Hidupnya kini dipenuhi dusta, luka, dan kehampaan yang tak dapat ia jelaskan. Seakan dunia telah melupakannya, meninggalkannya berjalan sendirian di lorong panjang yang dingin dan sunyi. Ada hari-hari ketika ia bertanya pada dirinya sendiri, untuk apa ia dilahirkan? Untuk apa denyut jantung ini masih bertahan, jika setiap langkah hanyalah bayangan dari rasa sakit yang tak kunjung reda? Ia tidak menemukan jawabannya. Hanya hening. Hanya kosong.

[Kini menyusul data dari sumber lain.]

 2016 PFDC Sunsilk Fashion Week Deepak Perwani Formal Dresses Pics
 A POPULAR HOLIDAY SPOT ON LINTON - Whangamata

Namun suatu hari, takdir mempertemukannya dengan seseorang yang sama rapuhnya, tetapi membawa cahaya yang berbeda. Seseorang yang membuatnya menyadari bahwa mungkin, alasan hidup tidak ditemukan melalui pertanyaan, melainkan melalui pertemuan. Dan dari bibir orang itu, ia mendengar kalimat yang menggetarkan hatinya yang telah lama membeku.

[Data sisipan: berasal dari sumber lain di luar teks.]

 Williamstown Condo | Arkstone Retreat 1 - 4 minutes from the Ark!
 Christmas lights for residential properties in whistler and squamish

"𝘈𝘺𝘰 𝘬𝘪𝘵𝘢 𝘴𝘦𝘮𝘣𝘶𝘩 𝘣𝘦𝘳𝘴𝘢𝘮𝘢..."
Kalimat sederhana, namun mampu menembus dinding yang selama ini ia bangun untuk melindungi dirinya dari dunia. Untuk pertama kalinya, ia merasa hidupnya mungkin masih bisa diperbaiki. Untuk pertama kalinya, ia merasakan bahwa keberadaannya mungkin tidak sia-sia.
𝗛𝗔𝗡𝗬𝗔 𝗙𝗜𝗞𝗦𝗜, 𝗗𝗜𝗠𝗢𝗛𝗢𝗡 𝗕𝗜𝗝𝗔𝗞 𝗗𝗔𝗟𝗔𝗠 𝗠𝗘𝗠𝗕𝗔𝗖𝗔. 𝗗𝗔𝗡 𝗜𝗡𝗜 𝗛𝗔𝗡𝗬𝗔 𝗖𝗘𝗥𝗜𝗧𝗔 𝗣𝗘𝗡𝗗𝗘𝗞, 𝗧𝗜𝗗𝗔𝗞 𝗔𝗗𝗔 𝗞𝗘𝗟𝗔𝗡𝗝𝗨𝗧𝗔𝗡𝗡𝗬𝗔.